WASHINGTON (Reuters) - U.S. lawmakers on Tuesday asked the Securities and Exchange Commission to clarify an accounting rule that may be preventing some institutions from making loan modifications to help subprime mortgage borrowers.

A letter sent by 11 Democrats to SEC Chairman Christopher Cox sought clarification on the rule known as “FAS 140,” which governs asset-backed securitized products like mortgage-backed securities.

At issue is when a mortgage can be modified if it is part of a pool of securities that includes subprime adjustable rate mortgages made to borrowers with a poor credit history.

Lawmakers and federal banking regulators are seeking ways to move subprime borrowers into mortgages with fixed long-term interest rates, but the accounting rule might prove to be an accounting or legal obstacle.

“A number of parties have brought to our attention that FAS 140, the accounting standard that guides securitizations, may not clearly state at what point a loan may be modified,” the congressional lawmakers said in a June 15 letter signed by House of Representatives Financial Services Committee Chairman Barney Frank and 10 other House lawmakers.

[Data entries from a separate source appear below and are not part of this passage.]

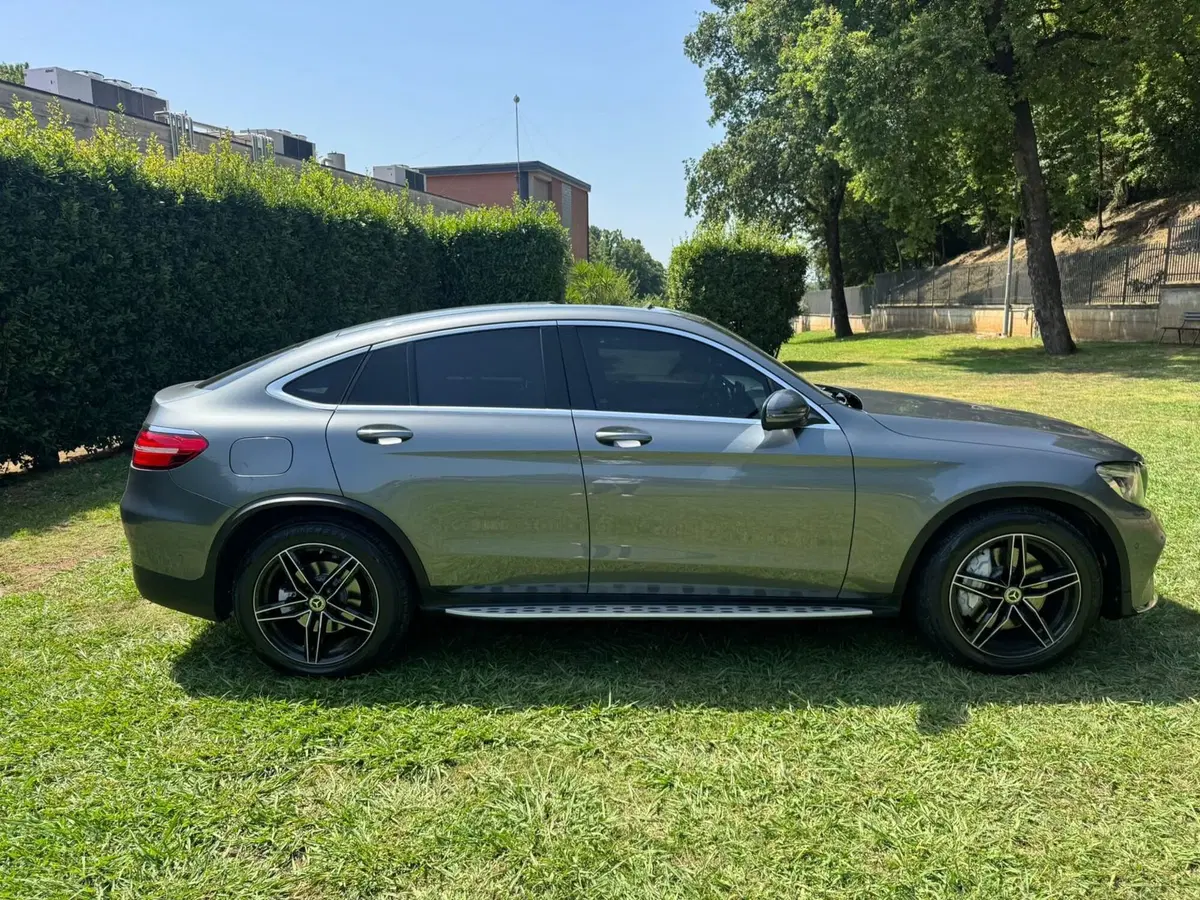 Mercedes-Benz GLC Coupé usata a Salerno (13)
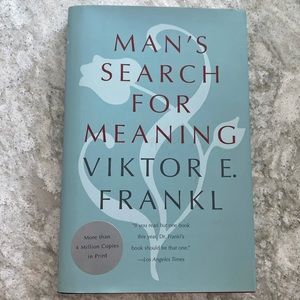 Man’s Search for Meaning by Viktor Frankl
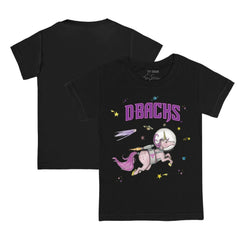 MLB Arizona Diamondbacks Tiny Turnip Youth Space Unicorn T-Shirt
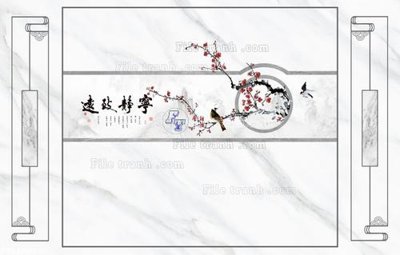 Chi tiết file ảnh File in tranh tường 3D FT210891 sắc nét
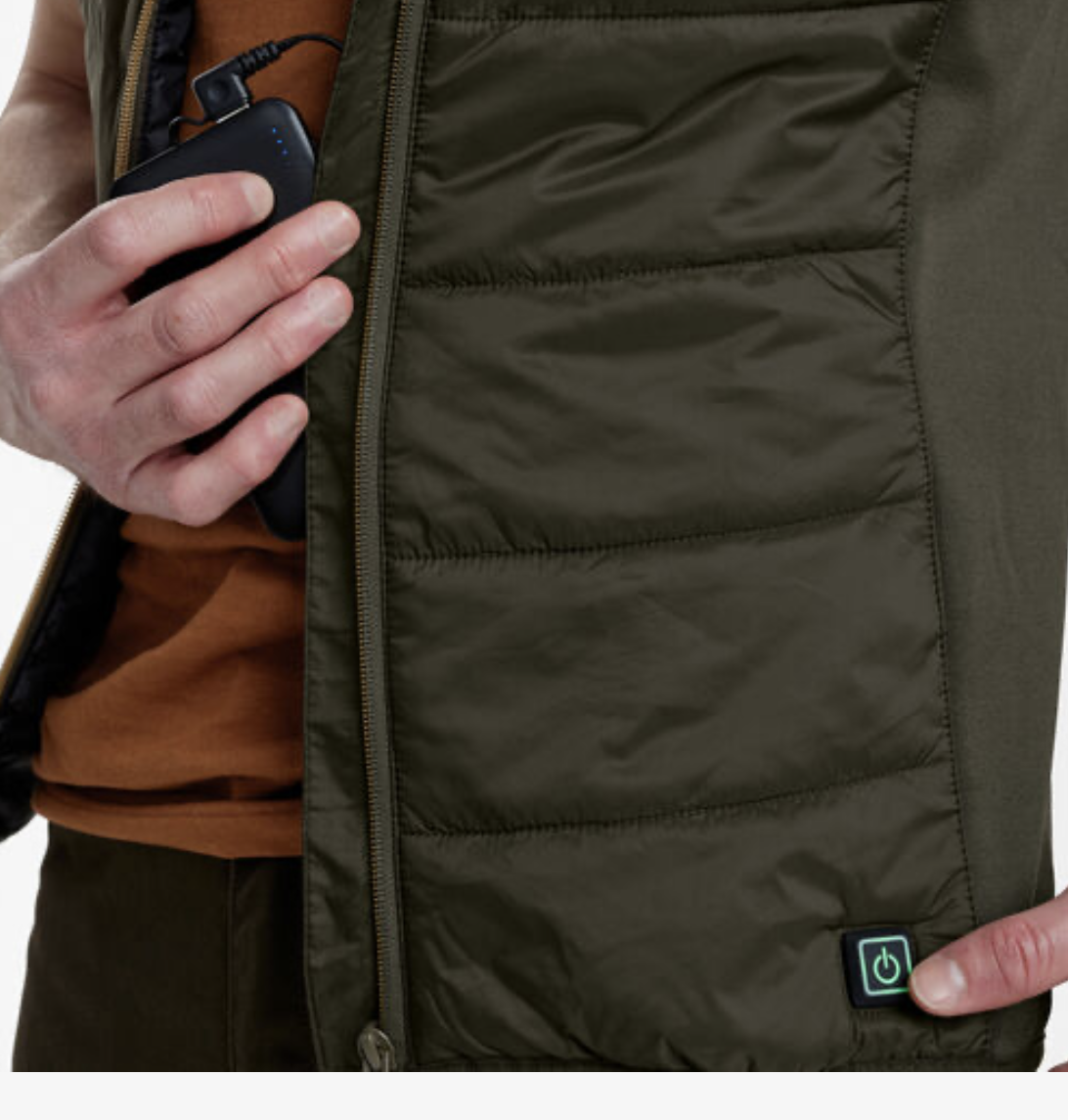 DEERHUNTER  HEAT WAISTCOAT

The lawmakers said they want to know if a loan might be modified at a point when default is reasonably foreseeable or at a time when default or delinquency has already happened.

“The lack of clarity may be leading some institutions to withhold making some loan modifications that may benefit borrowers -- and bondholders -- for fear of being found in violation of FAS 140,” they said.

The lawmakers told Cox they are seeking clarity because they are concerned about the rising rate of mortgage foreclosures.

Earlier this month the Financial Accounting Standards Board (FASB) said it planned to talk with banks directly about frustrations the rule may be causing.

The rule-making body plans to hold a closed-door “educational forum” later this month with several interested parties to find out if issues about which banks are complaining are related to legal or accounting concerns.